▶ Brief
The span to repeat in the listing below runs from the line containing "BUSCH 95271 1:87" to the line containing "Adidas Handball Spezial", inclusive. Repeat it exactly, and only it.
___ Information provided
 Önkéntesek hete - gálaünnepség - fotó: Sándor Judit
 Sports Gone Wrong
______
___ Information provided
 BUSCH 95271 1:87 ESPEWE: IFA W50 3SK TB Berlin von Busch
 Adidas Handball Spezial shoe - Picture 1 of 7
______
___ Information provided
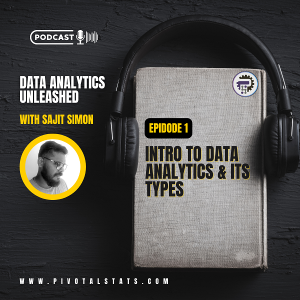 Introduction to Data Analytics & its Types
______
▶ Final answer
 BUSCH 95271 1:87 ESPEWE: IFA W50 3SK TB Berlin von Busch
 Adidas Handball Spezial shoe - Picture 1 of 7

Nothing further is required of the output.